Monday, May 16, 2016
Series vs. standalone
by Meredith Cole
I wrote my first book, POSED FOR MURDER, with the intention of starting a series. I thought long term. I made my heroine, Lydia McKenzie, single and in her twenties so she and I would have room to grow. I loosely plotted several books, and wrote two more in the series. She changed a little over the course of the three books and started to mature. I learned more about her and so did the reader.
I enjoy reading series, and it's fun not to have to say goodbye to a character. I imagine it's sort of like writing a TV series as opposed to a movie. The story can (and does) go on and on. The characters can grow and change, and the story lines can deepen.
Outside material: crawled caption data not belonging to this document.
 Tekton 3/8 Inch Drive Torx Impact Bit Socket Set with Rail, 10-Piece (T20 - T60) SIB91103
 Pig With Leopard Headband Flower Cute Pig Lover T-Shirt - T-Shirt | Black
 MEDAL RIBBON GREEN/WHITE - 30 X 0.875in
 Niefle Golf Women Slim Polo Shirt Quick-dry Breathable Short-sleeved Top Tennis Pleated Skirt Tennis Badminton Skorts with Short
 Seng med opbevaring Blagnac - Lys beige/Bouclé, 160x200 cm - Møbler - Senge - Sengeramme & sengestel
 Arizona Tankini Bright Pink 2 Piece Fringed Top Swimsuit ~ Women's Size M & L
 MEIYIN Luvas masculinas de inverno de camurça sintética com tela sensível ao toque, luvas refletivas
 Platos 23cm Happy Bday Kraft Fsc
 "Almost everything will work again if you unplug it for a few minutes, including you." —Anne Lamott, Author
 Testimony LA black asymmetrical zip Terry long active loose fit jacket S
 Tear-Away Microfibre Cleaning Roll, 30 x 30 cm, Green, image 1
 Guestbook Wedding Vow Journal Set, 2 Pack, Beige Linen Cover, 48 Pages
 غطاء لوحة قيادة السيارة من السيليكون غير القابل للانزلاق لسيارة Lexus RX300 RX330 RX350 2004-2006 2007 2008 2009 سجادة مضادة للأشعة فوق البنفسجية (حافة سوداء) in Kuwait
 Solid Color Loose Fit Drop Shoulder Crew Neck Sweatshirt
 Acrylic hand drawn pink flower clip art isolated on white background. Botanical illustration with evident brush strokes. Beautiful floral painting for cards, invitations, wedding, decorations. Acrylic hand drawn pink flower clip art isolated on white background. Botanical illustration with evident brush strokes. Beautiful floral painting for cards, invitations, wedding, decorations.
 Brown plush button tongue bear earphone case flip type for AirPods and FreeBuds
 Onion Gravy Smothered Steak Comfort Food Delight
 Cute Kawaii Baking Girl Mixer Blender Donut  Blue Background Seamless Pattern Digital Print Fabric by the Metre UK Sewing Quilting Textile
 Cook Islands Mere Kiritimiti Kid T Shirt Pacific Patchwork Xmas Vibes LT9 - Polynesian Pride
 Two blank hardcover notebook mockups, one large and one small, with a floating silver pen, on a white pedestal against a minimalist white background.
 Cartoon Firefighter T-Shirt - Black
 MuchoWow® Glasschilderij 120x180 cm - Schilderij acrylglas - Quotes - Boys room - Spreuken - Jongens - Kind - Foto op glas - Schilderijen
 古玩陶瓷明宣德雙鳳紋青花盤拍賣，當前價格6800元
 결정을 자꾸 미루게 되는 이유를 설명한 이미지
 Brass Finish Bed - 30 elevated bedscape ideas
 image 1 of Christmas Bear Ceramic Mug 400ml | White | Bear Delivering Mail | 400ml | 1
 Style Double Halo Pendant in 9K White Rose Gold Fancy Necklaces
The past couple of years, I've worked on a standalone. It's been a different sort of experience. The characters only need to exist and live during the book itself. I don't have to worry what I'll do with them in the next book if they have a child or get married or whatever. I could take risks that I never would have dared to do in a series. But when I got to the end, that was truly the end. Which got me to thinking about what would happen if it were the start to a series... Which makes me understand why so many writers start series when they finish a book. They miss the characters too much when the book is finished.
So which do I prefer?
I think I enjoy mixing it up. The next two books I'm planning are the start to a new series and then another standalone. And then I'll probably write another short story. And hopefully whatever I prefer, standalone or series, will be exactly what I'm writing at that moment.